Los derechos humanos y la investigación en ciencias de la vida fue el tema central de la ponencia de Bertrand Mathieu, abogado especializado en bioética y profesor de la Universidad de París I-Panthéon-Sorbonne. «Los científicos han otorgado confianza a los comités de bioética en los cuales se prepara el derecho. No obstante, estos comités como el de la UNESCO, el de la Unión Europea o de otro tipo como el Comité Director del Consejo de Europa, constituyen una interfase entre la legitimidad científica y la legitimidad política. Pero la legitimidad de la ciencia se basa en caracteres que le son propios y que se deben a la calidad de la investigación.» En su conferencia, reproducida en las páginas de este especial de Quark sobre «Ética y progreso médico», remarcó la libertad de investigación en los países anglosajones, considerada como un principio fundamental que justificaría una autonomía total de la ciencia en el seno de la sociedad.
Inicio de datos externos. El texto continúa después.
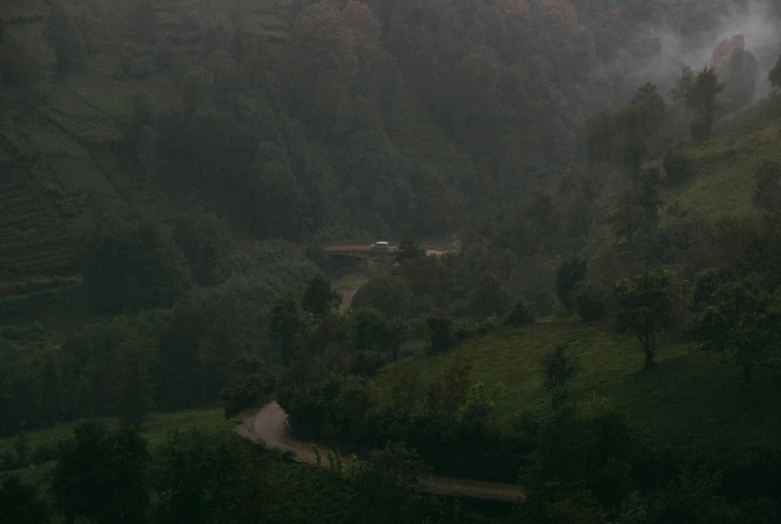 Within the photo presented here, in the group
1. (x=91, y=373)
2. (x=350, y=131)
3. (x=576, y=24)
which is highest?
(x=576, y=24)

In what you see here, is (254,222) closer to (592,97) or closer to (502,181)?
(502,181)

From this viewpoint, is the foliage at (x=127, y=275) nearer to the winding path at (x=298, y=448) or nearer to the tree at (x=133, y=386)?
the tree at (x=133, y=386)

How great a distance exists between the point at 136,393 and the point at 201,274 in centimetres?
1686

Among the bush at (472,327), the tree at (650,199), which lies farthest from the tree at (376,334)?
the tree at (650,199)

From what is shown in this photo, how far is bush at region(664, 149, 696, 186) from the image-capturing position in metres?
48.5

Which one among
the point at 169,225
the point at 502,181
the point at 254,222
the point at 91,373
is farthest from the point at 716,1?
the point at 91,373

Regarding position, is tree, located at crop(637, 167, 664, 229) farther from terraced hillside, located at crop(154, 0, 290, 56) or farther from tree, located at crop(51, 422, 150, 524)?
terraced hillside, located at crop(154, 0, 290, 56)

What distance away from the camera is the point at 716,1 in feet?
289

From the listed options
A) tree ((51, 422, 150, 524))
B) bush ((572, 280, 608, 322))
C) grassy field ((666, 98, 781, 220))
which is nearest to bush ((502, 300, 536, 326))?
bush ((572, 280, 608, 322))

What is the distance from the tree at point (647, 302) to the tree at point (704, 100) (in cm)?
2626

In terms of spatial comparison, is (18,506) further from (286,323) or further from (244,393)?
(286,323)

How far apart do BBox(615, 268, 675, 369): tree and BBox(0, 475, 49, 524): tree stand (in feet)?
55.5

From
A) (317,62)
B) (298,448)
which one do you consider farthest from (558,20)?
(298,448)

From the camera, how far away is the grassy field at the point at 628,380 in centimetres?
2480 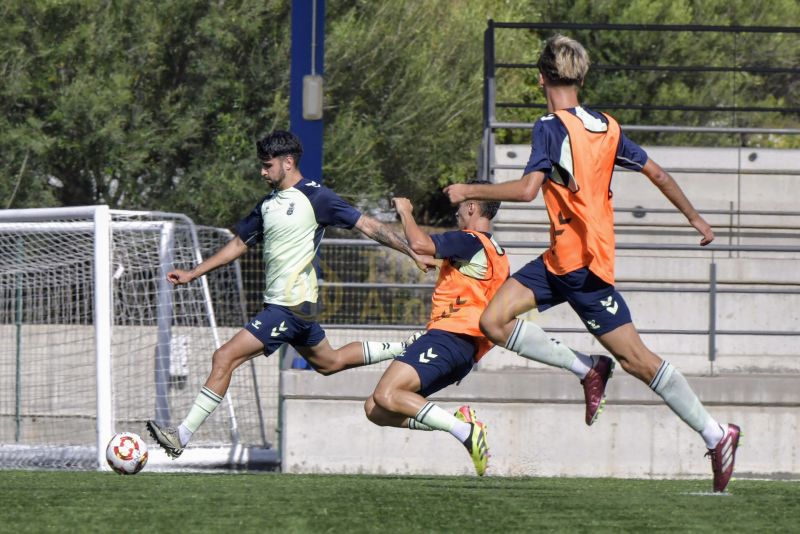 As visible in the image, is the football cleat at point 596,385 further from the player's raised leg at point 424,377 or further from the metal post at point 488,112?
the metal post at point 488,112

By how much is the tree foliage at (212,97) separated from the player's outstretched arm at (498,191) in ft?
54.8

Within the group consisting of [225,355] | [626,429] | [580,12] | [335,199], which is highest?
[580,12]

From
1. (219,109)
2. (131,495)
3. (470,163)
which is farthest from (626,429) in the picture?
(470,163)

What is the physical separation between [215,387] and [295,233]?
41.6 inches

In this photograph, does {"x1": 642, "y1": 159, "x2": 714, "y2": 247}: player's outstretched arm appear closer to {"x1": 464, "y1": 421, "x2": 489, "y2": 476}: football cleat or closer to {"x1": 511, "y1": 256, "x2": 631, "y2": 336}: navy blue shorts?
{"x1": 511, "y1": 256, "x2": 631, "y2": 336}: navy blue shorts

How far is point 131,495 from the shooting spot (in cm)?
624

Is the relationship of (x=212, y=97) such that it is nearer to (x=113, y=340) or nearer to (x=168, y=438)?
(x=113, y=340)

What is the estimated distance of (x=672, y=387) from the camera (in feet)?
21.4

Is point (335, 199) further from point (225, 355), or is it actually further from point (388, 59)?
point (388, 59)

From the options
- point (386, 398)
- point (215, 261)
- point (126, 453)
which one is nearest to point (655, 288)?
point (215, 261)

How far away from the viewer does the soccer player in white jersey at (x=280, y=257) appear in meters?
8.04

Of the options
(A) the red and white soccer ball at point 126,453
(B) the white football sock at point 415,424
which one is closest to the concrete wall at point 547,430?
(A) the red and white soccer ball at point 126,453

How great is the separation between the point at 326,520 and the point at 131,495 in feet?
4.49

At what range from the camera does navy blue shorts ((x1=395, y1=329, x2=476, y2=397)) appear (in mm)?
7363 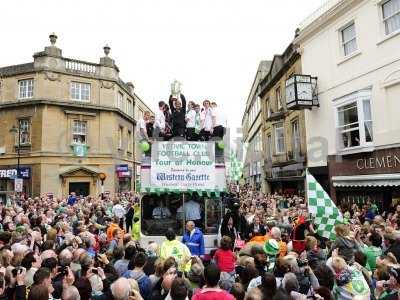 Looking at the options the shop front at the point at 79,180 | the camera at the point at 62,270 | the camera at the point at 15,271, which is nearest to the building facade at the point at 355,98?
the camera at the point at 62,270

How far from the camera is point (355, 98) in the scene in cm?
1511

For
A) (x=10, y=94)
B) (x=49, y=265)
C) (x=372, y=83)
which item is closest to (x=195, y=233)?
(x=49, y=265)

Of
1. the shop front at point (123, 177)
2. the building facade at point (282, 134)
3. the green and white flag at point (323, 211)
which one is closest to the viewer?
the green and white flag at point (323, 211)

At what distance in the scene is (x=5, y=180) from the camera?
28406mm

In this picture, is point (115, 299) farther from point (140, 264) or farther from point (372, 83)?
point (372, 83)

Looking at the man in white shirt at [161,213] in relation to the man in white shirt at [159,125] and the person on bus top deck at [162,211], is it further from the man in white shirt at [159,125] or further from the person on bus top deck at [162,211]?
the man in white shirt at [159,125]

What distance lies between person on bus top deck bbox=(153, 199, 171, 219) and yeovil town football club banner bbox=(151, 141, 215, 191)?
449 millimetres

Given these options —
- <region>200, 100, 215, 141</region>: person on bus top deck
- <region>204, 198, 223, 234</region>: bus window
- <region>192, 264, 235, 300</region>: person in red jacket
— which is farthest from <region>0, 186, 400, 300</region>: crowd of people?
<region>200, 100, 215, 141</region>: person on bus top deck

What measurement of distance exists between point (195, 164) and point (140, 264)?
4.10m

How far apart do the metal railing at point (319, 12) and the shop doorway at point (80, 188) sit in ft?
63.9

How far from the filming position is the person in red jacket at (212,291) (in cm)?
395

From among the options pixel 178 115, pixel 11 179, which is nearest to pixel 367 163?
pixel 178 115

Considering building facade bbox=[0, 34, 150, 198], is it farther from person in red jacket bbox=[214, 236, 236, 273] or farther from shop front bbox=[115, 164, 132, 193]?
person in red jacket bbox=[214, 236, 236, 273]

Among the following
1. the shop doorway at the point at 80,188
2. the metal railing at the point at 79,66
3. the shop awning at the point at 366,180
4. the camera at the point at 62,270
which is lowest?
the camera at the point at 62,270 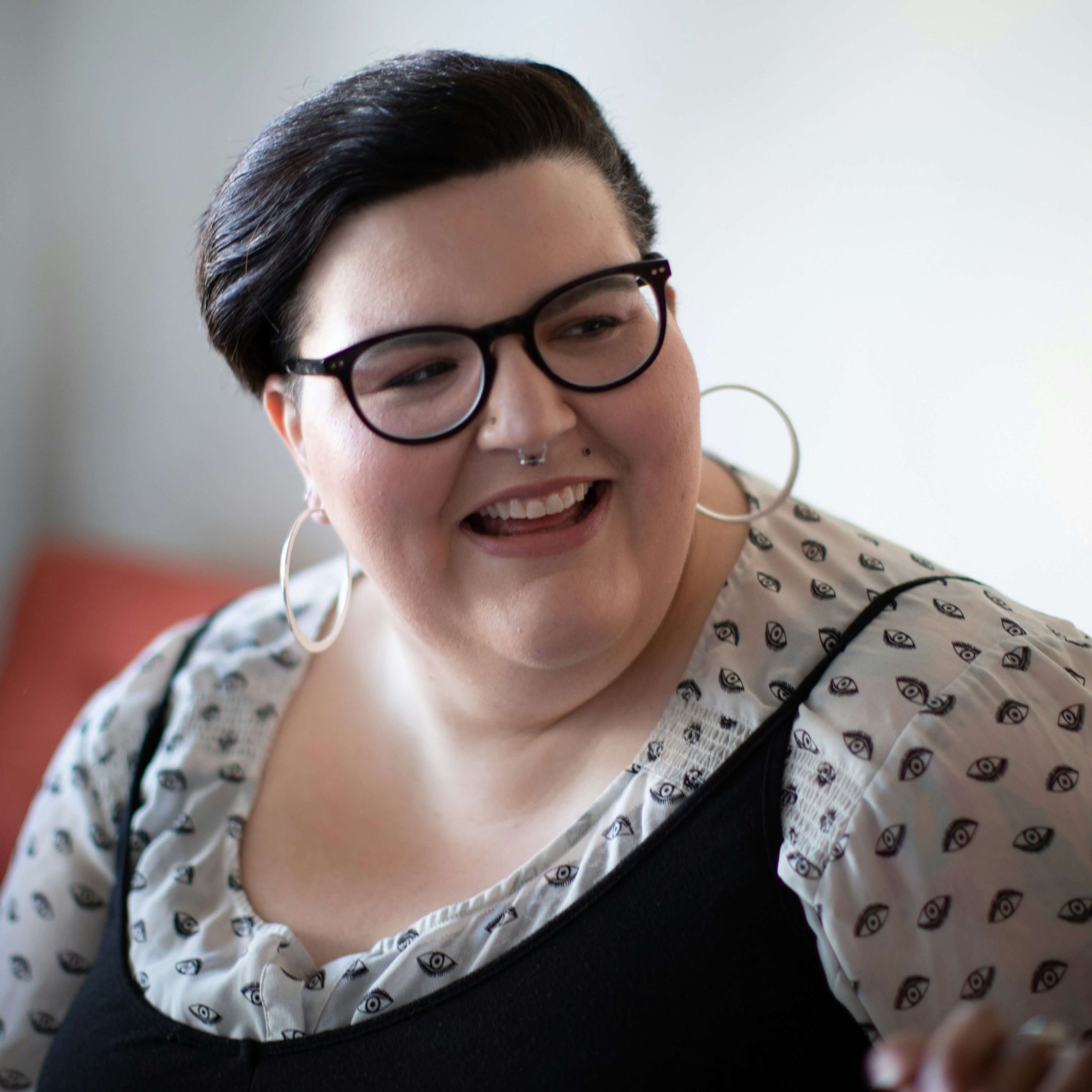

Fernando Savater, catedrático de Ética en la Universidad Complutense de Madrid, estableció la diferencia entre la mirada ética y la mirada legal. Matizó el concepto inmoral como aquello que viola la integridad humana, las capacidades físicas y sociales del ser humano. La ética en su opinión siempre se aplica sobre todo lo que se hace.
Richard Braun, director de la Fundación Gen Suisse y consultor de comunicación sobre biotecnología, se centró en las «Lecciones del referéndum suizo sobre el progreso de la ciencia», publicado también en este número. «La experiencia suiza demuestra que con tiempo, dinero e ideas, los asuntos complicados de índole social planteados por las nuevas tecnologías pueden atraer la atención del público.»
Los medios de comunicación
¿Qué papel ejercen los medios de comunicación? ¿Cumplen su objetivo de interés público? Es indudable que la formación y educación médica de la población se hace mayoritariamente a través de los medios de comunicación. Y éstos crean, en muchas ocasiones, expectativas exageradas entre el público, ya que se dan a conocer avances científicos de forma espectacular, pero que no se corresponden con la aplicación a corto o medio plazo. La responsabilidad que tienen los medios de comunicación, y que éstos no han asumido, es situar en perspectiva la información científica y médica, así como ofrecer herramientas de valoración al público general. En la transmisión de los mensajes científicos a la sociedad, los medios de comunicación deben cumplir pautas de rigor y prudencia.